Quem mais está avançando em política tarifária no Brasil é o município de São Paulo. A ideia é separar a tarifa pública do custo do serviço. Há alguns anos à Prefeitura de São Paulo subsidia diretamente o serviço de transporte público. Está investindo pesadamente na construção de corredores exclusivos de transporte público para aumentar a velocidade comercial dos ônibus e melhorar a oferta de serviço com qualidade. O que importa é o nível de serviço de alto padrão a ser oferecido. Como isto custa caro, a solução é criar um Fundo Nacional de Transporte Público, a ser constituído com uma taxa extra sobre o preço da gasolina, de forma que estes recursos possam ser utilizados para subsidiar o custo do serviço sem necessidade de reajustar a tarifa.

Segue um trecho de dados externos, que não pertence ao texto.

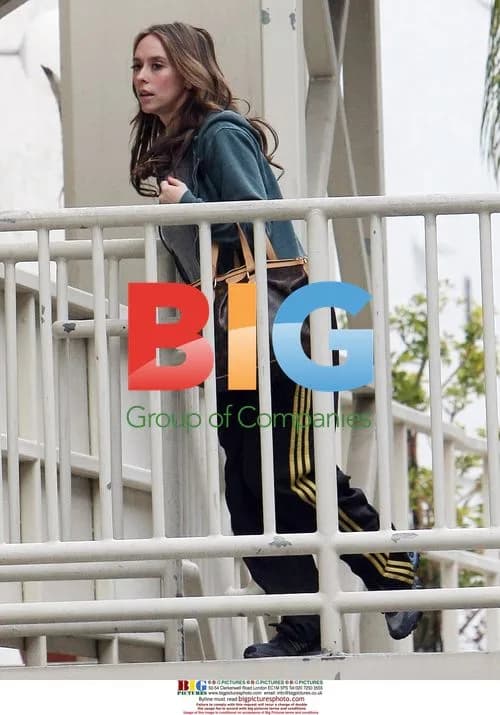 Jennifer Love Hewitt Arrives for Meeting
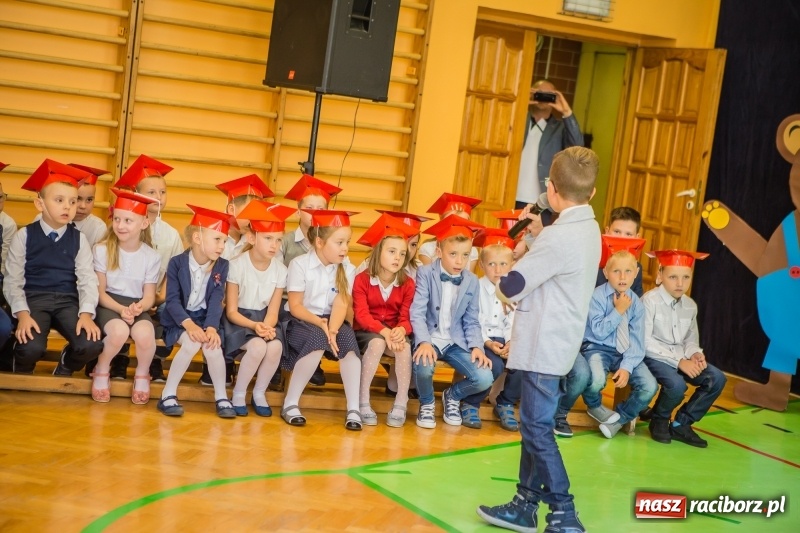 Zdjęcie w galerii na portalu naszraciborz.pl: SP 13 powitała pierwszoklasistów. Miejska inauguracja roku szkolnego 2017/2018 wiadomości z regionu
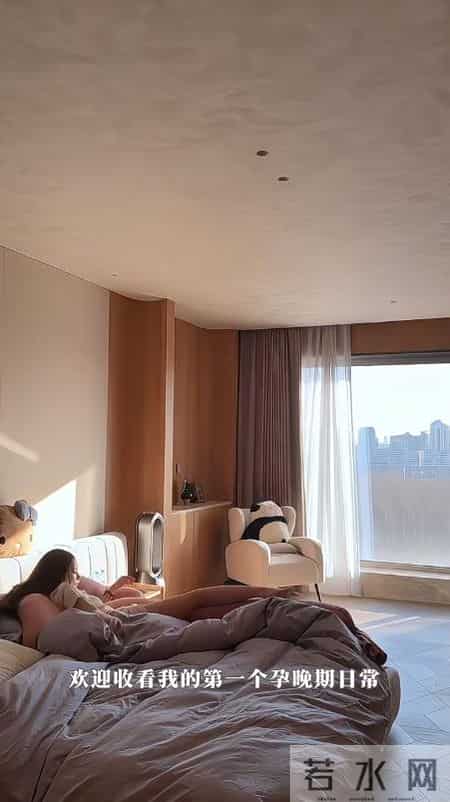 马筱梅挺大肚拍孕期写真！拆宝宝衣服好可爱，饿到吃零嘴老公不在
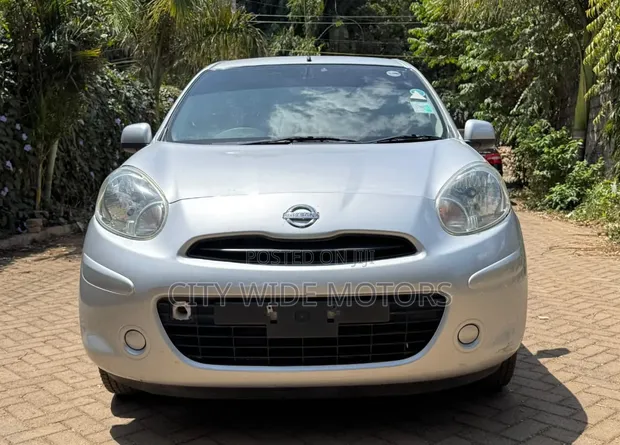 Nissan March 2014 Silver - 1
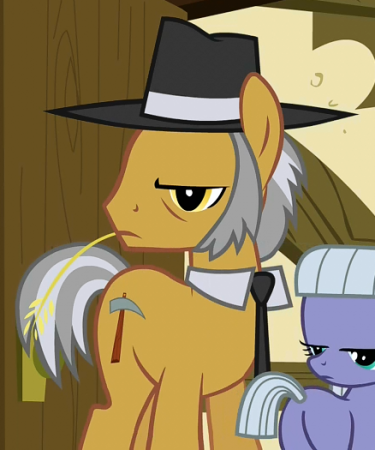 Detail Igneous Rock (Pinkie's father)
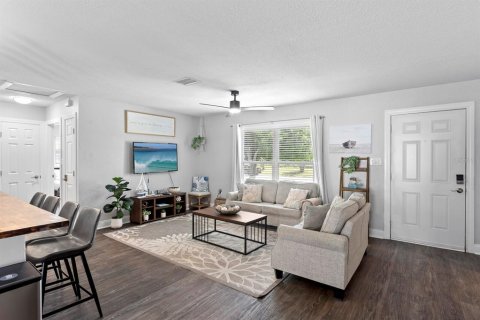 Casa en venta en Bradenton, Florida, 4 dormitorios, 132.85 m2 № 2388112 - foto 9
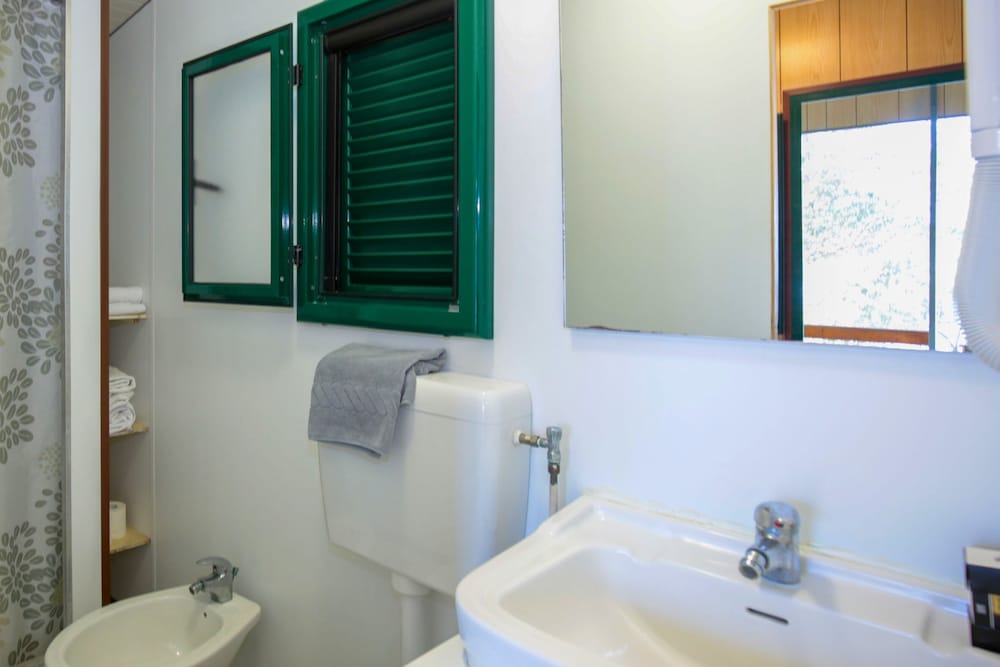 Mobile Home, Double Bed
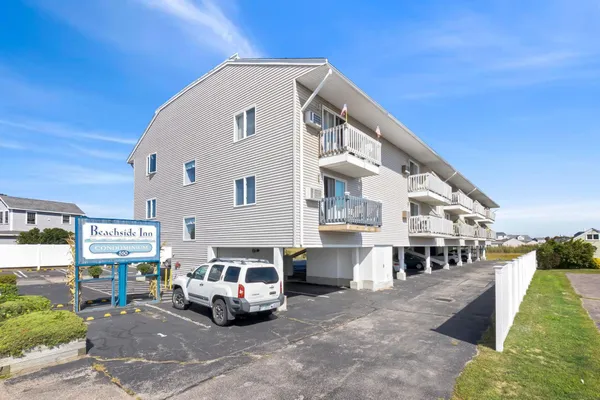 $174,900 | 550 Winnacunnet Road, Unit 319, Hampton, NH 03842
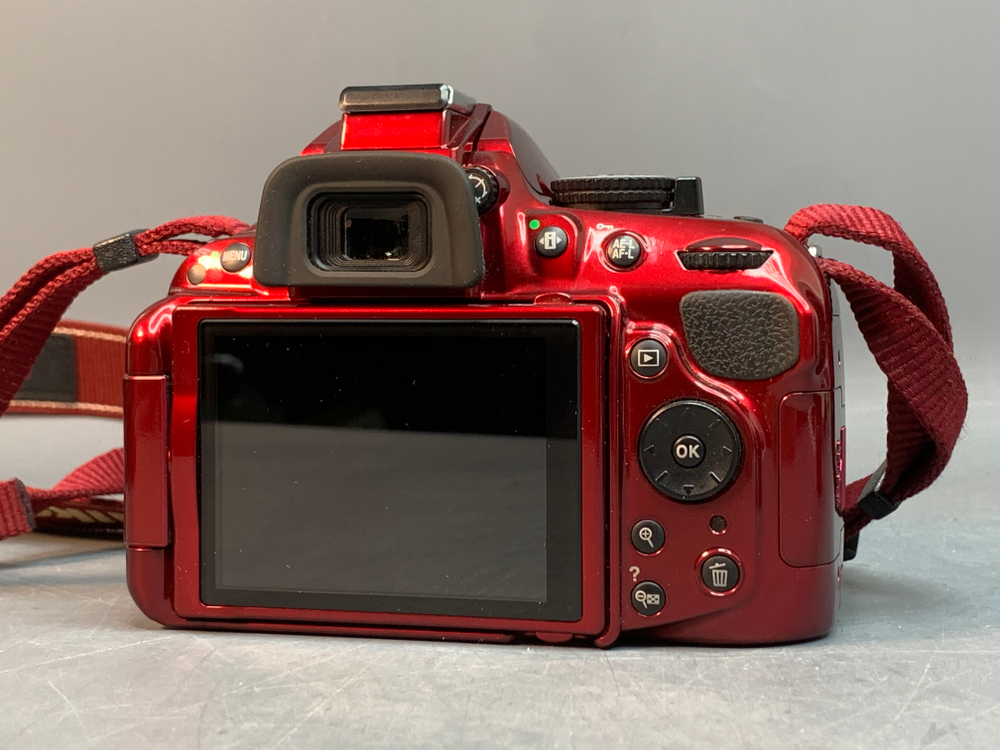 Nikon D5200 Kit 18-55mm f/3.5-5.6G VR 5.200 кадров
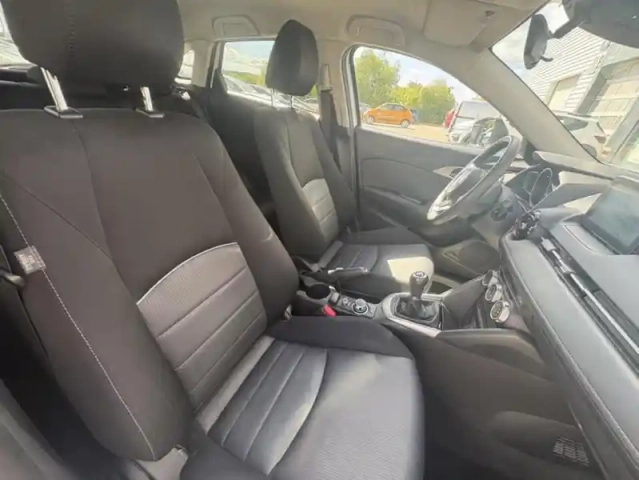 Mazda Cx3 skyactiv-g 120 signature — photo 27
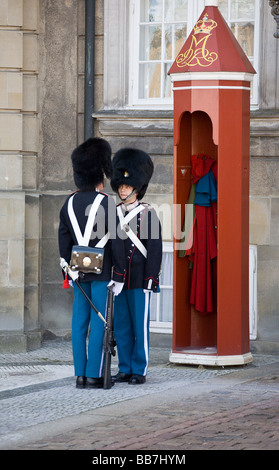 Relève de la garde. Deux gardes du palais Danois chaque taille d'autres au cours de la cérémonie de relève de la garde. Banque D'Images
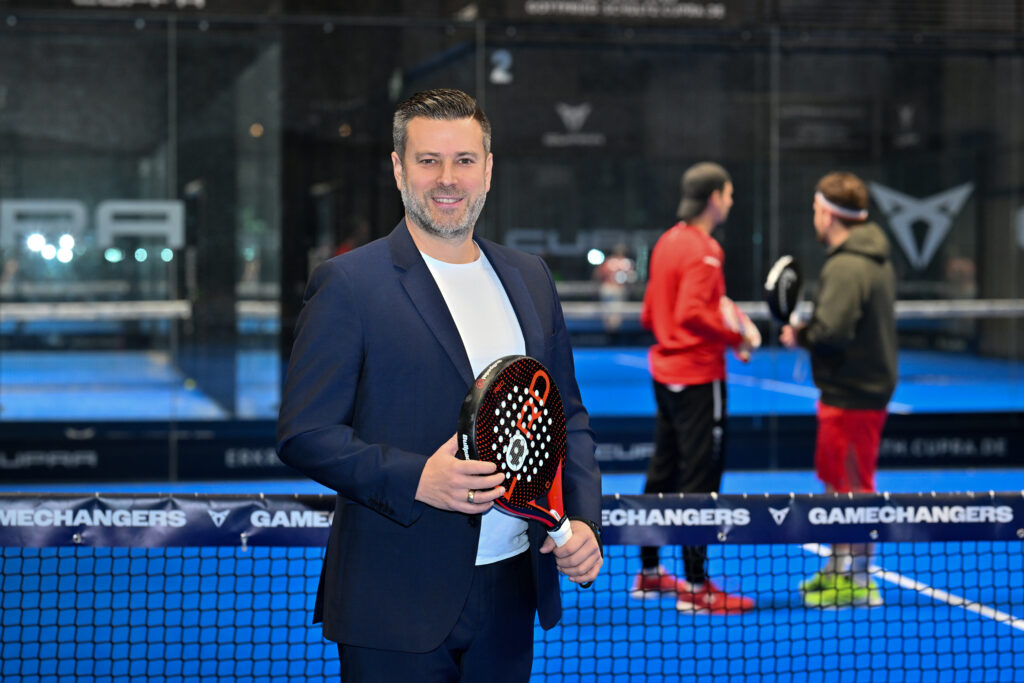 Markus Hartmann auf einem Padel Court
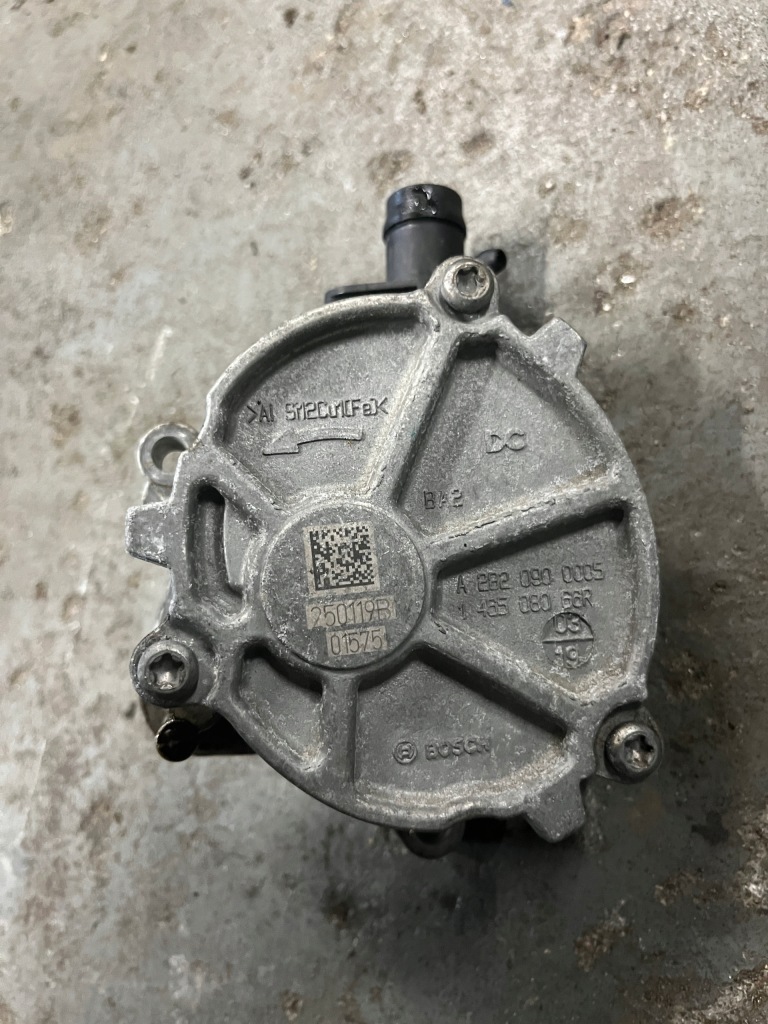 Насос вакуум пального renault mercedes 1.3 tce 146508066r Доставка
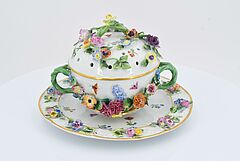 Meissen - Konvolut mit aufgelegten Blueten, 70233-43, Van Ham Kunstauktionen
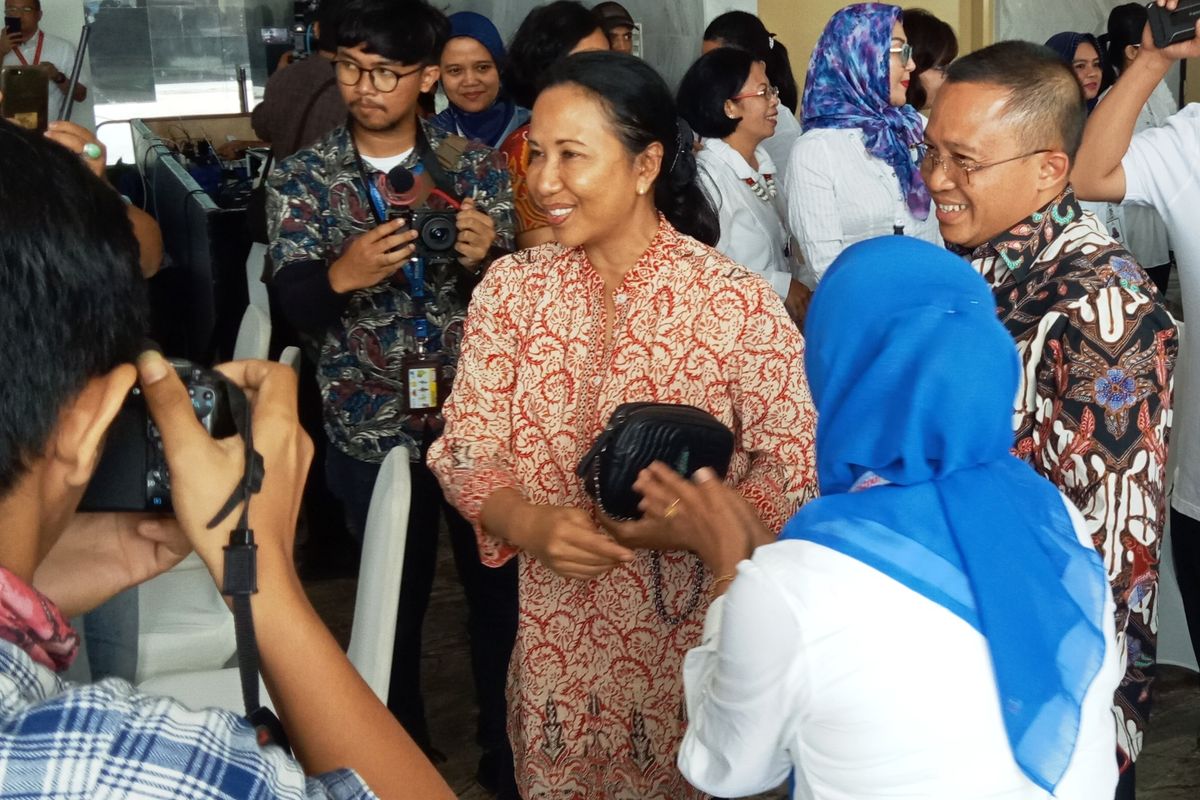 Menteri BUMN Rini Soemarno saat datang ke Belawan meresmikan proyek strategis Pelindo 1 sekaligus kantor pusatnya, Minggu (17/3/2019)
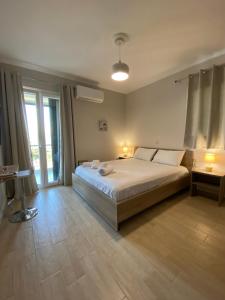 Tasos Cozy Apartment 2nd Floor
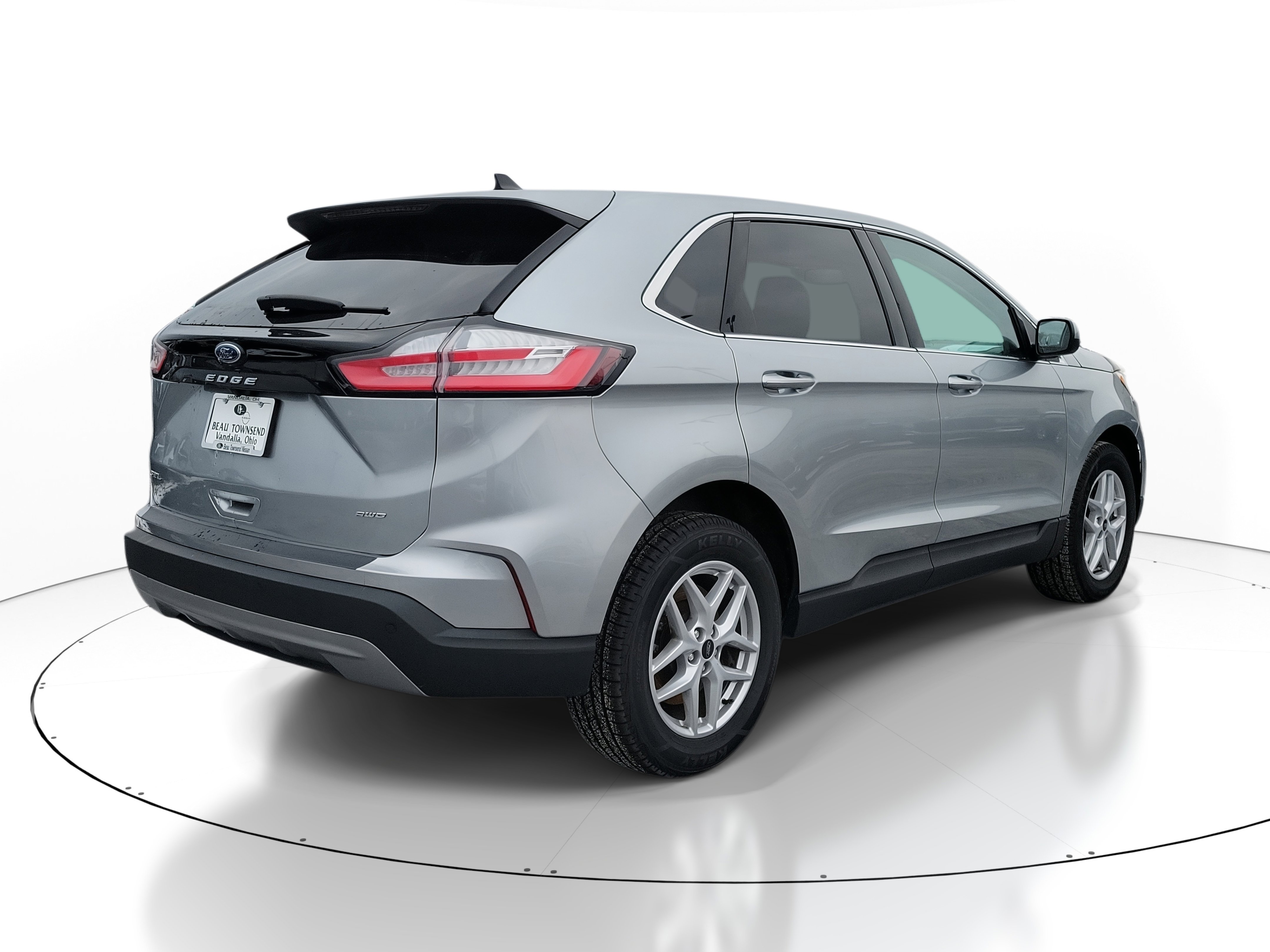 Used 2024 Ford Edge SEL AWD/4WD image 4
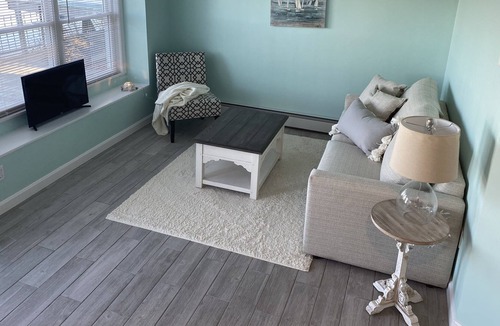 Warwick House | Waterfront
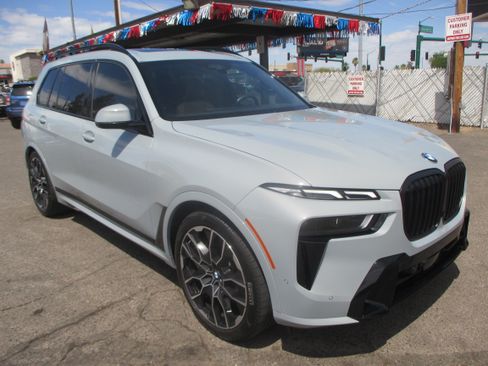 Used 2026 BMW X7 xDrive40i AWD/4WD image 3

8) Como se dá a cobertura dos custos da bilhetagem?

Os custos da implantação, operação e manutenção da bilhetagem eletrônica são atualmente repassados aos operadores de serviços de transporte público por ônibus. As empresas operadoras e/ou entidades patronais (sindicatos/associações) possuem estruturas altamente profissionais para que os serviços de bilhetagem eletrônica sejam confiáveis e disponíveis a toda a população. Em muitos casos, os contratos entre as empresas operadoras e órgãos gestores incluem a responsabilidade da bilhetagem eletrônica.

9) Em Belo Horizonte podemos falar de integração intermodal (metrô/trem) e metropolitana (intermunicipal)? Como avalia esse serviço?

Já houve um tempo em que os serviços de transporte por ônibus de Belo Horizonte e Região Metropolitana era parte de um só sistema. Essa concepção funcionou por algum tempo, mas não deu certo. Hoje, os sistemas são independentes e cada um busca seu próprio equilíbrio. Dentro dessa filosofia, é possível a integração desde que um sistema não transfira ônus para o outro. Se isto acontecer, a parte responsável deverá subsidiar a outra de modo a manter seu equilíbrio econômico.